Disruptive tech

    The pace of change has never felt faster than it is now. Forget leaps and bounds; it’s an endless sprint without a finish line. Products that we purchase are out-of-date soon after and obsolete within a year. The drive for improvement, access to big data, and an understanding of changing behavioural traits and possibly the shorter attention spans of consumers have led to profits for businesses and investors adopting disruptive technology’.

    Defined as displacing an established technology or a ground-breaking product that creates a completely new industry, disruptive technologies have redefined the world in which we live in; Wi-fi, email, cloud storage, solar power, Uber and Amazon are prime examples of changes in technology and business models that led to massive repercussions for the world-wide economy and the triple bottom line.

    Transport and energy are also likely to see major transformations in the future. Tony Seba, Lecturer in Entrepreneurship, Disruption and Clean Energy at Stanford University, forecasts a complete shift to solar power and electric vehicles within ten years. Property may also be impacted as businesses look to lease desk space as needed without incurring sizeable costs for floor space that may lay waste during quiet periods.

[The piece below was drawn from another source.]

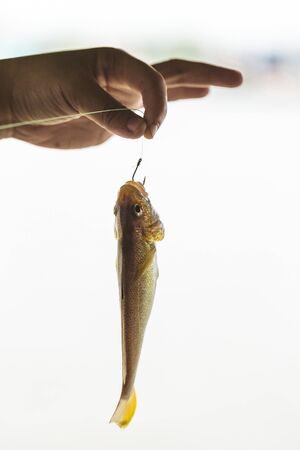 fish hooks and fish parts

    Echoing this belief is Elon Musk, CEO of Tesla and CEO of SpaceX and seemingly the poster boy of disruptive technology.  He recently wrote a blog piece on his original ten year master plan. Having almost reached his goal of an affordable high volume car and solar power, part two of his plan is to improve solar panels, expand the electric vehicle product line, enable self-driving capacity, and inspect ways for customers to earn money from vehicles not in use. With Australia as the trial for Tesla’s solar powered Powerwall, we are at the forefront of this new disruptive frontier.

    The financial services sector is not immune from disruptive technology. In Australia, financial technology (FinTech) spans across financial advice, wealth management, peer-to-peer lending, payments, digital currency, and has the potential to reduce complexity and improve efficiencies and outcomes.

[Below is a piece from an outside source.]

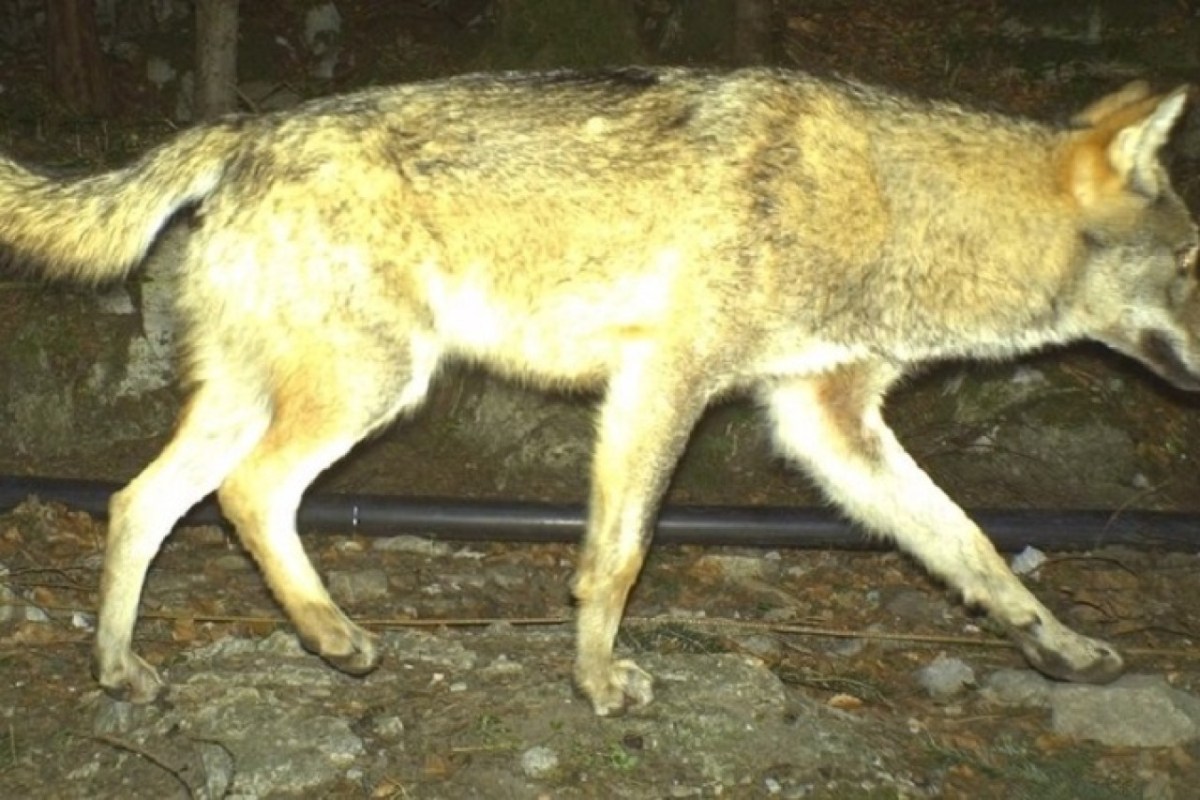 Wolf Uri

    Online financial applications have not gone unnoticed by Australia’s policy makers.  Recently, the Australian Securities and Investments Commission (ASIC) in partnership with the Monetary Authority of Singapore (MAS) is encouraging Financial Technology startups from both countries by providing a “regulatory sandbox” for startups to test their ideas with real-world customers without having to hold a financial services licence. It also offers the governments of Singapore and Australia insight into emerging technologies and building suitable and flexible regulations in which for them to operate.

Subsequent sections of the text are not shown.